CNBr cleavage of the SecR theoretically results in 11 fragments ranging in molecular mass from 1–11 kDa, three of which contain sites of glycosylation. Shown is a representative autoradiograph of a 10% NuPAGE gel used to separate the products of CNBr cleavage of the SecR labeled with the (BzBz)Lys18 probe. The CNBr fragment of the labeled receptor migrated at approximate Mr = 19,000 that shifted to Mr = 10,000 after deglycosylation (typical of 10 experiments). The first fragment at the amino terminus of the receptor and the third fragment were the best potential candidates to represent the domain of labeling.

 
To further determine which of these fragments represented the domain of labeling with the (BzBz)Lys18 probe, two well-characterized HA (hemagglutinin) epitope-tagged receptor mutants (SecR-HA37 and SecR-HA79) (11) were used in immunoprecipitation experiments with anti-HA antibody.
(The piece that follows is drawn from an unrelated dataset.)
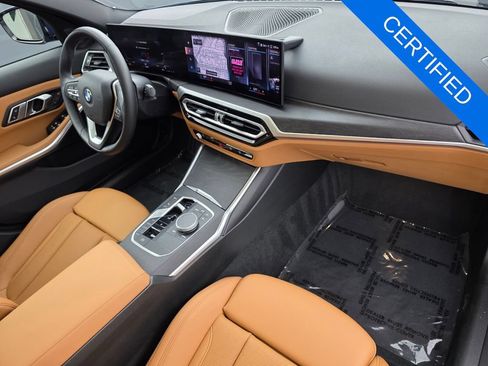 Used 2023 BMW 330i Sedan w/ Driving Assistance Package RWD image 29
Figure 4Go shows that both intact mutant receptors were labeled with the (BzBz)Lys18 probe, with both well recognized by the anti-HA antibody. However, after CNBr cleavage, only immunoprecipitated fragment 1 from the labeled SecR-HA37 mutant receptor was radioactive. This provides definitive identification of the domain of covalent attachment with the (BzBz)Lys18 probe as CNBr fragment 1.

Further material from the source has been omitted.